From this inconsistency, I developed the “New Chinese Etymology”, with three
results:
One, all Chinese written words (about
60,000 now) can be constructed with a set (220, a finite number) of root-words.
Two, the meaning of each and every Chinese
written word can be read out from it face (by decoding its composing radicals)
Three, the sound (pronunciation) of each
and every Chinese written word can be read out from it face too.
With the above
finding, I published {Chinese word Roots and Grammar; US copyrighted on May
5, 2006, TX 9-514-465}. This book was written in Chinese.
On January 16,
2008, I published {Chinese Etymology; US TX 6-917-909}. This book is a
textbook (in English) for foreigner (such as Americans) to learn Chinese via
this new system.
On May 24, 2012,
I published {Chinese Etymology Workbook One; with US TX 7-539-827}. This is a
workbook for the above textbook.
It took me three
years (from 2002 to 2005) to read 2 dictionaries. It took me also 3 years (from
2005 to 2008) to write two books (one in Chinese and one in English) on this
new Chinese Etymology. In those years, I worked on Chinese Etymology every day
without thinking about anything else.
One day in September 2008, I made a statement: the
entire Chinese written language (one of the natural languages) can be encoded
with a set (in finite numbers) of radicals. Then, the lightning strikes: what
about my u-language laws of 1997?
Now, I have found a closed set of codes which can encode the
entire Chinese written language; that is, this set should be able to encode
all-natural languages in terms of my PB law 1 and theorem 0.
In addition to construct a u-language via my u-language
theorem (1997) + the new Chinese etymology (encoding the entire Chinese
language), I developed a u-language theoretically via the Martian Language
Thesis (MLT) -- Any human language can always establish a communication
with the Martian or Martian-like languages. Thus, the Martian Language Thesis
is the first principle for linguistics. It encompasses the following
attributes.
Permanent
confinement -- no language (Martian or otherwise) can escape from it.
Infinite
flexibility -- it can encompass any kind of language structure.
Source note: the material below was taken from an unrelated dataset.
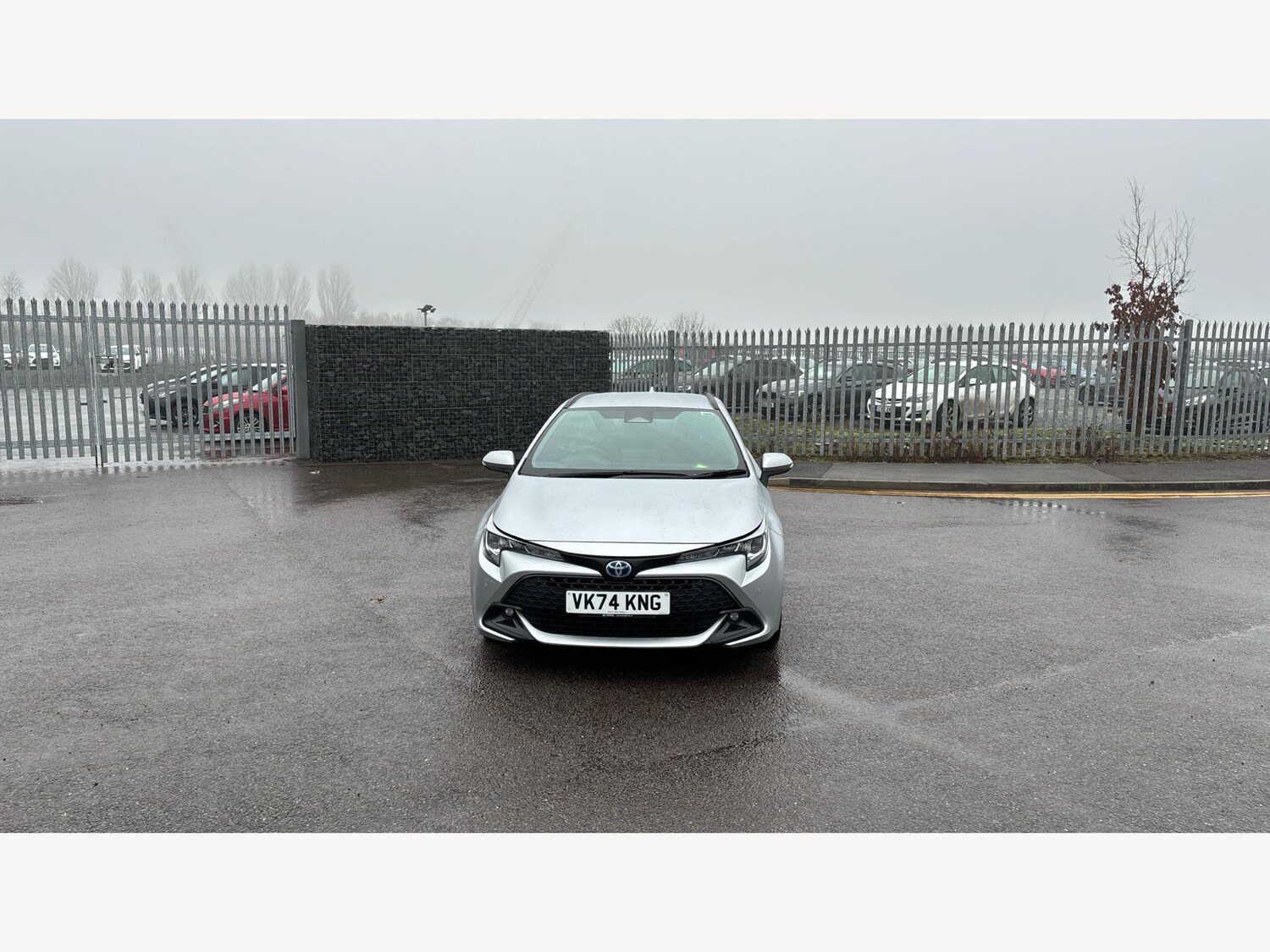 Used Toyota Corolla for sale - 77267919: Photo 17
This MLT is based on the following two principles:
Universal principle I -- all languages (human or Martian) share the
identical metalanguage.
Universal principle II -- all language
structures are subsets of a universal language structure.
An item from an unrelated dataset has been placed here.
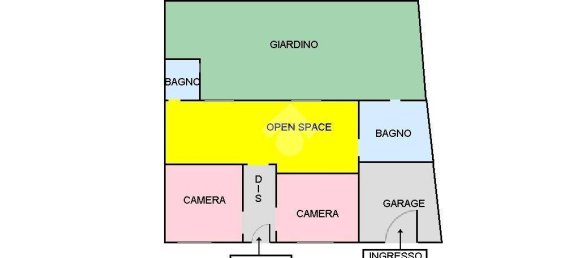 3 Schlafzimmer Haus in Brindisi, Italy, Nr. 42373 25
What is the meta-language then?
Meta-language consists of four parts:
One:
the universal laws (physics, math, etc.) continent: all universal
events are described by the universal laws.
Two: the universal conscientiousness
(meaning) continent: the human conscientiousness views the universal laws
in an identical way, getting the identical MEANING for all universal
laws.
Three:
there is a Grand Canyon between these two continents.
Four: Human natural languages are
different symbol systems for connecting these two universal continents.
Thus, for the universal language, it must
encompass the following three attributes:
A.
Forming the words --- with finite number of symbols to form unlimited number of
words while the meaning and the pronunciation of each word can be read out from
its face.
B.
Unique meaning of each word --- every word carries a “unique” meaning, not
having multiple meanings.
C.
Universal grammar --- a grammar is the mother of all grammars.
For answering these issues, I published a new website {http://www.prebabel.info/ } in June 2009. On October 12, 2010,
I published {Linguistics Manifesto --- Universal Language & The super
Unified Linguistic Theory; with US TX 7-290-840}. The issue of two continents
is briefly discussed in Chapter Twelve of this book. For the details of the
universal grammar, I published a book [The Great
Vindications; the US copyright # TX 7-667-010 on January 23, 2013}.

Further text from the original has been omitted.